By Amanda Cruz and Violet Gabales
California relies on multiple streams of revenue to fund public mental health services from federal, state, and local levels. One of the many sources of income is the Mental Health Services Act (MHSA). It’s a vital source of funding that directly impacts the care Californians receive for mental health and substance use care.
The MHSA was passed into law by state voters in 2004 through Proposition 63. It imposes a 1 percent tax on personal incomes above $1 million. According to a Steinberg Institute estimate, the MHSA has generated roughly $31 billion in revenue and accounts for more than 30 percent of California’s public mental health budget.
That’s a big slice of the funding pie, so if you’re a mental health advocate or California resident curious about how MHSA funding is distributed here are four things you need to know:
1. Why is the MHSA needed?
The MHSA addresses mental health issues throughout California–including lack of access to services and negative outcomes associated with untreated mental illness. The statistics alone raise concern for the state’s mental health: each year, 5–7% of adults and 5–9% of children face a serious mental illness. Failure to treat mental illness in a timely manner can result in a variety of negative impacts emotionally, socially, and even financially.
Some of California’s most devastating issues — such as homelessness, incarceration, educational failures and drop-outs, unemployment, removal of children from homes, and suicide– are rooted in untreated mental illness. Failure to treat serious mental health issues continues to be the leading cause of suicide.
2. Where does the money go?
Tax revenue from the MHSA is initially deposited into the Mental Health Services Fund (MHSF) and then distributed by the State Controller’s Office to California’s 58 counties. The counties use these funds for mental health services to meet the five components of the MHSA (see below). Additionally, five percent of the fund is used for state administration of the MHSF. In recent years, this state administrative portion has included funding for several grant programs for mental health services.
3. What kinds of activities does MHSA fund?
There are five components to MHSA funding:
Community Services and Support (CSS), Prevention and Early Intervention (PEI), Innovation (INN), Capital Facilities and Technological Needs (CFTN), and Workforce Education and Training (WET).

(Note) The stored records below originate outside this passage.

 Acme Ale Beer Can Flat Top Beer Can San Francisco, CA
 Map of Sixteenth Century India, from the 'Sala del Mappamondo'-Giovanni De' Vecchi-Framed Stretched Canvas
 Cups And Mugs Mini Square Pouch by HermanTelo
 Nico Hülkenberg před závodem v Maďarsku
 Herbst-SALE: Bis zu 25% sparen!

Counties can only use a specific percentage of these MHSA funds under each component:
- 76 percent must be used for Community, Services and Support
- The majority of that portion must be used on Full-Service Partnerships, and up to 20 percent of that portion may be used to further enhance counties’ local mental health systems through capital investments, workforce investments, or building funding reserves.

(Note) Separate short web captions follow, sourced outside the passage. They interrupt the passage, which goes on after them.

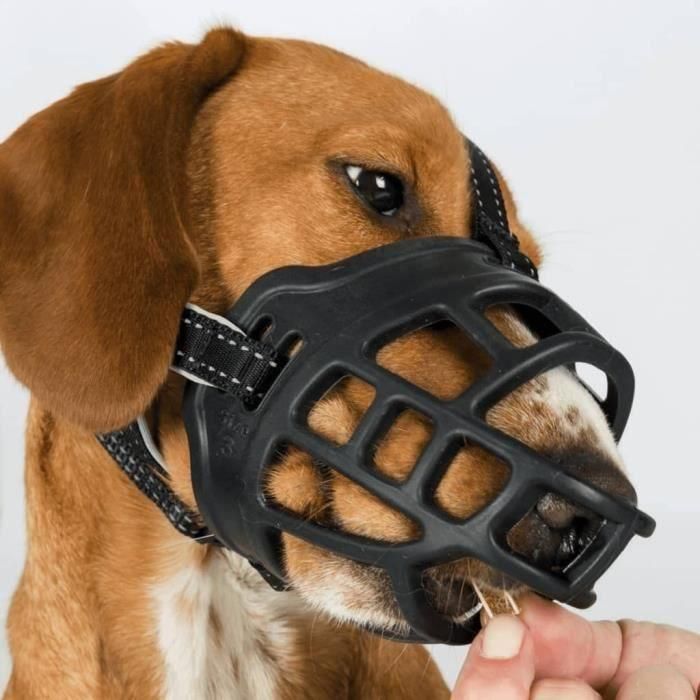 TRIXIE Muzzle Bozal Flex - Goma - Talla M/L - Negro 4 TRIXIE Muzzle Bozal Flex - Goma - Talla M/L - Negro 4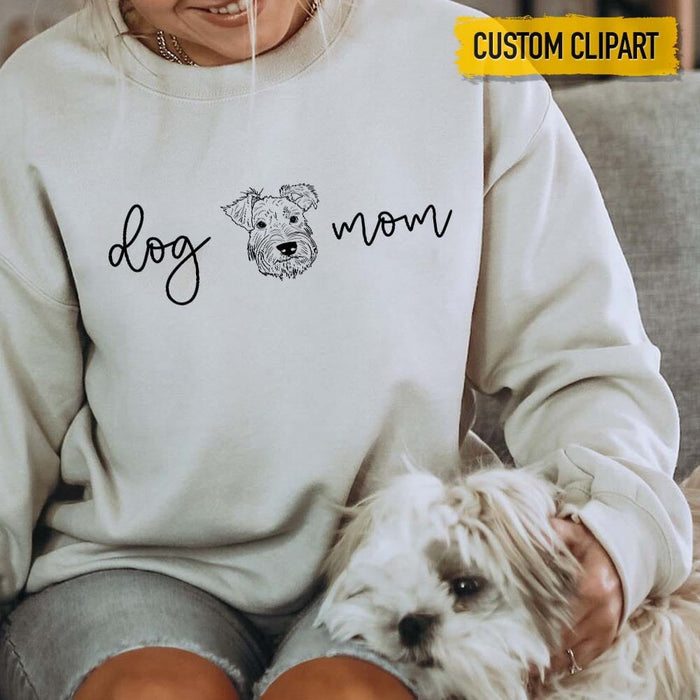GeckoCustom Personalized Dog Mom Dog Shirt, HN590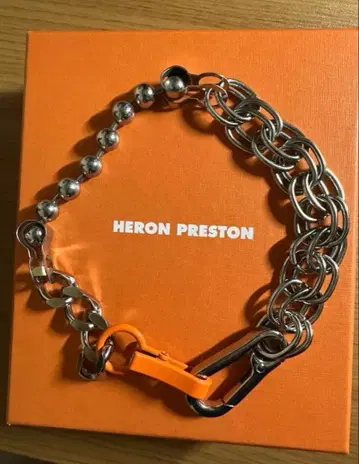 HERON PRESTON 볼 체인 목걸이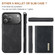 iPhone 17 Pro Max DG.MING M1 Series 3-Fold Multi Card Wallet Leather Phone Case - Black
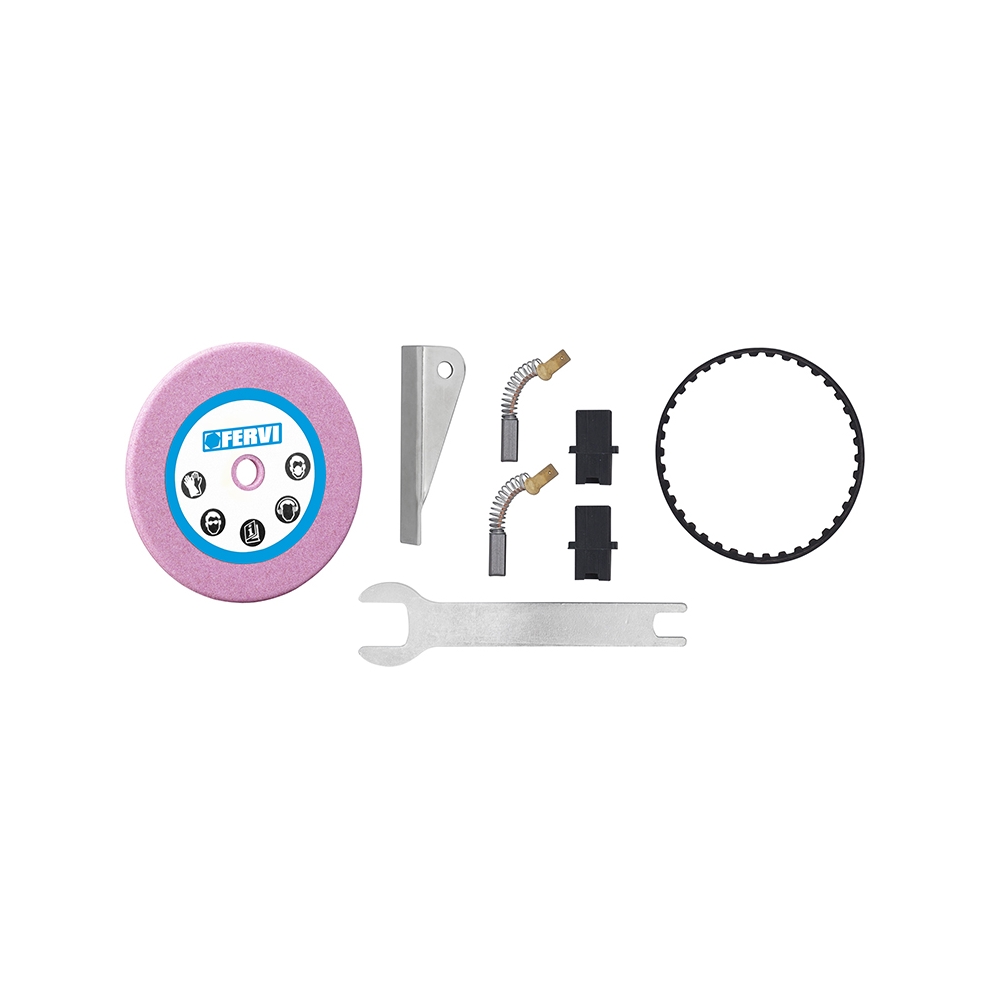 Affilacatene per motosega FERVI 0502 con motore 230 V 50 Hz 250 W, mola rosa Ø 100 x 4,5 x 10 mm e affilatura ±35° -2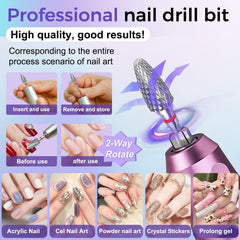 FANTEXY nail drill bit in compact box for easy transport and storage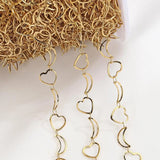 2M Stainless Steel Chain Love Heart Moon for Jewelry Making DIY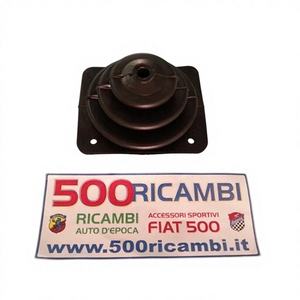 Poignée de levier de vitesse en caoutchouc noir de style original pour FIAT 500 F/L/R/G, élégante, en similicuir, Cuffia Leva Cambio, diverses options - Product Image 1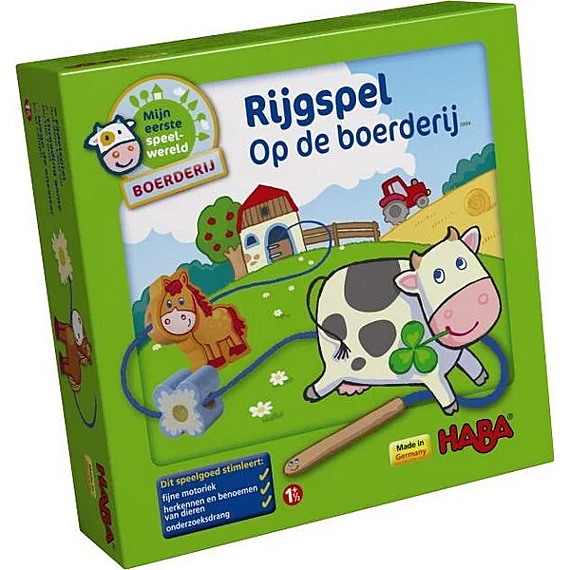 Rijgspel - Op De Boerderij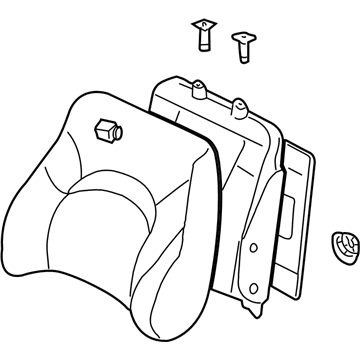 Hyundai 88400-39340-PAZ Back Assembly-Front Seat, RH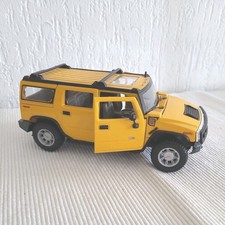 Maisto - Modellauto 1:27 - Hummer H2 ,Gelb 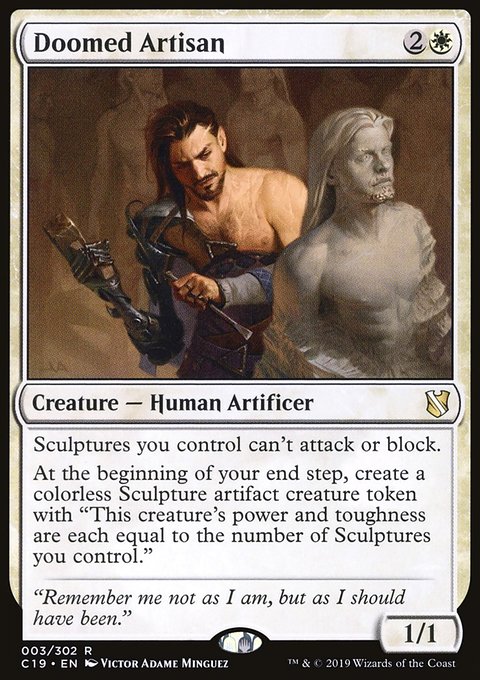 Doomed Artisan, Commander 2019 #3, Magic: The Gathering card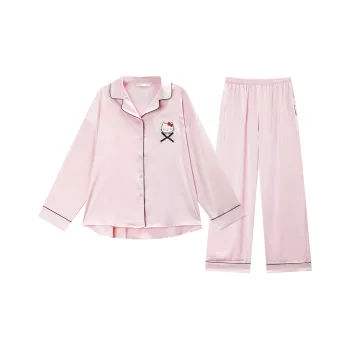 GUKOO x Hello Kitty Sanrio Series Pajama Set Women's Light Mist Pink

- 19 percent of MHSA funds must be used for prevention and early intervention services programs.
- 5 percent of MHSA funds must be used for innovative programs.
4. Who provides oversight for MHSA funding?

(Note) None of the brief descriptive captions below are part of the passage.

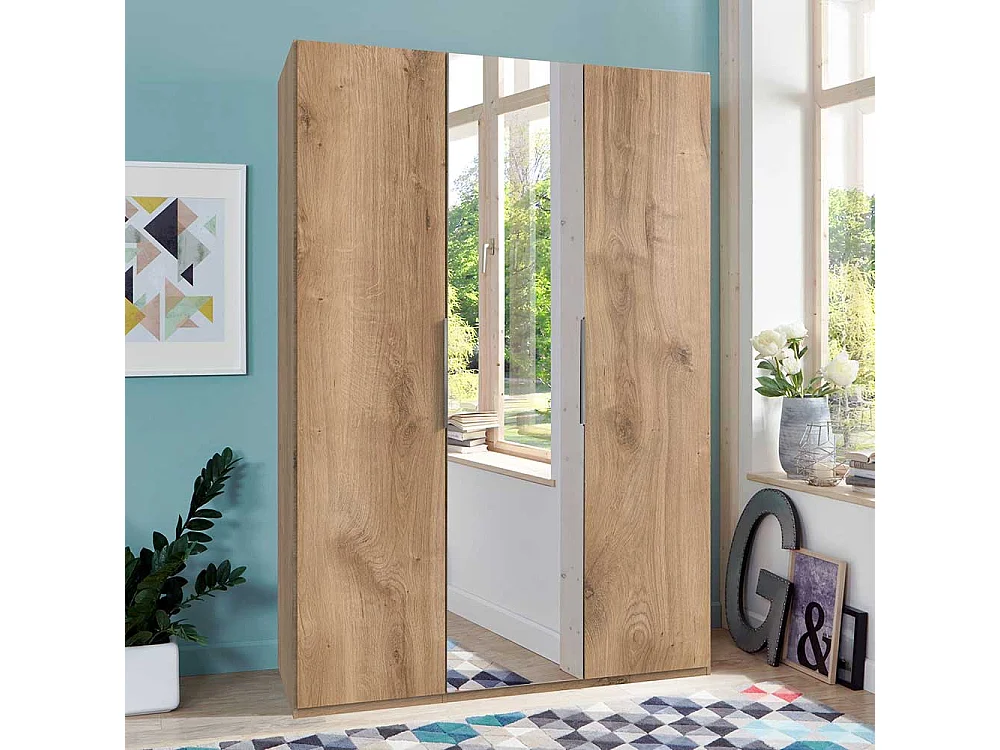 Kleiderschrank mit Spiegeltür 216 cm oder 236 cm hoch Made in Germany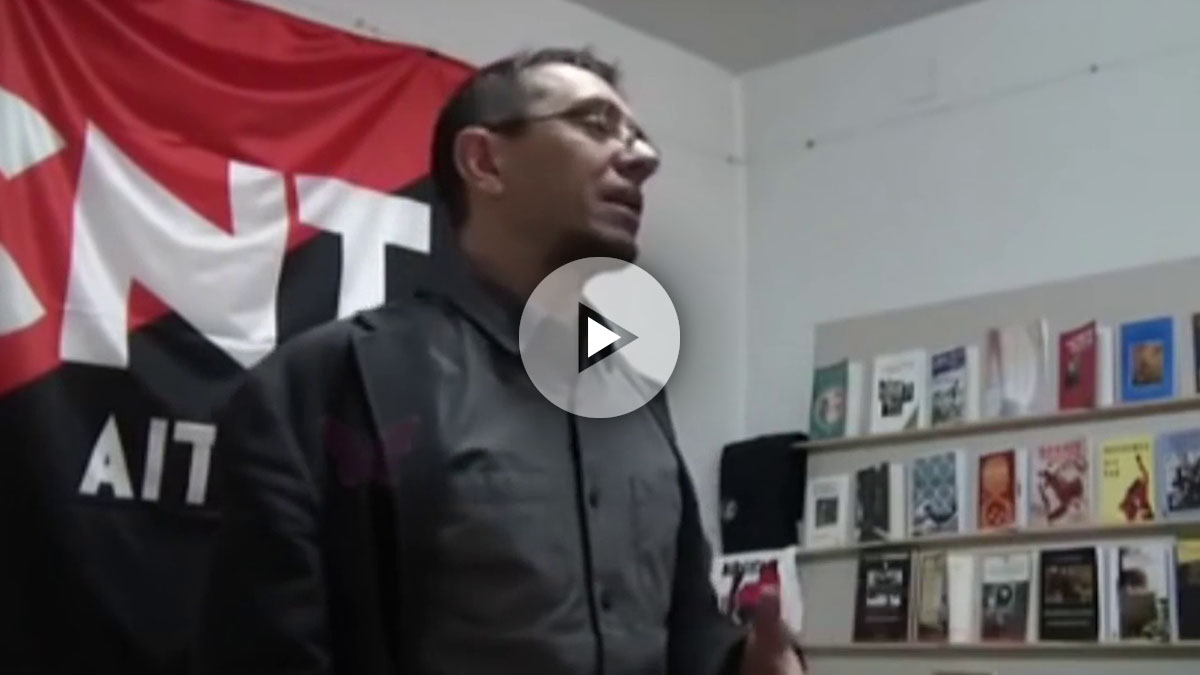 Juan Carlos Monedero, en la presentación de su libro sobre la Transición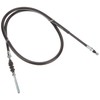 Kitaco 906-1122001 Brake Cable Ape 50/Ape 100, Normal Length, Black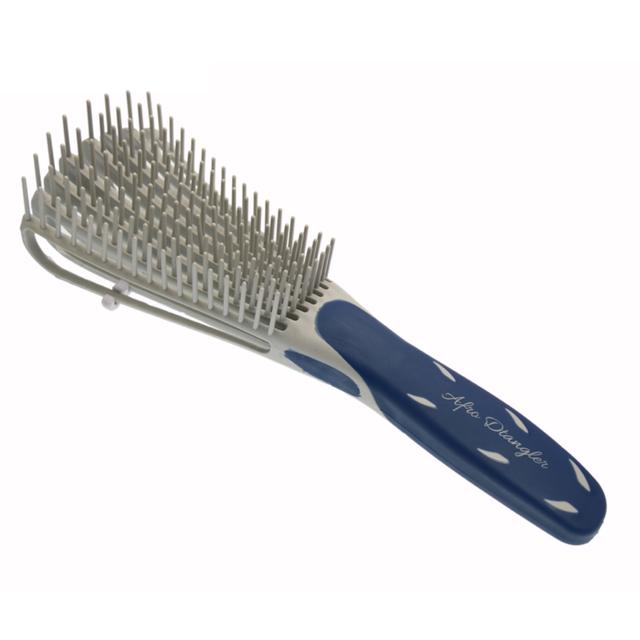 Afro Dtangler Brush - Navy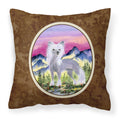 'Caroline'S Treasures Ss8326Pw1414 Chinese Crested Decorative Canvas Fabric Pillow, Large, Multicolor'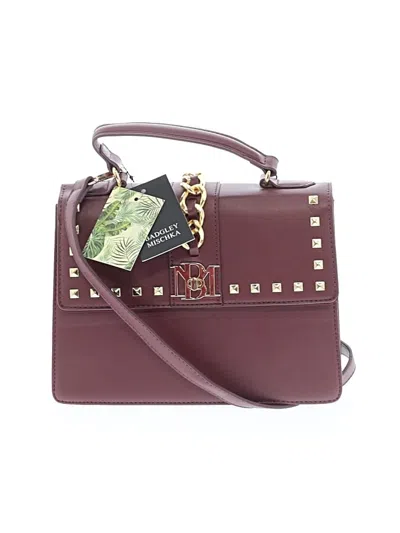 Badgley Mischka Satchel In Burgundy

The Department of Health Care Services (DHCS) and Mental Health Services Oversight and Accountability Commission (OAC) share oversight of the MHSA.
DHCS collects revenue and expenditure information from each county and withholds funds if counties fail to comply with the requirements set by the MHSA. DHCS also provides oversight for the Community Services and Support component of the MHSA.
The OAC is responsible for approving county proposals for innovation programs and oversees the Prevention and Early Intervention and Innovation components of the MHSA. The OAC is also responsible for providing technical assistance to counties and evaluating their spending and performance of MHSA programming.
5. Why is the MHSA so important?
Aside from establishing a major source of state funding for mental health services in California, the MHSA was designed to transform the state’s mental health system and improve care to those living with mental illness.
One example of a program funded through MHSA is the Los Angeles County’s Integrated Clinic Service Model (ICM), which aims to improve access to quality, culturally competent services by uniting both mental and primary care provider sites. The model creates multidisciplinary teams of professionals, as well as trained peer counselors and paraprofessionals. The ICM expands the definition of the behavioral health workforce through the use of peer counselors and paraprofessionals, making room for more assistance in the behavioral health field. The ICM provides a variety of opportunities for service in its community including mental health treatment services, substance use services, peer counseling and self-help, primary care, homelessness/housing services, and outreach activities.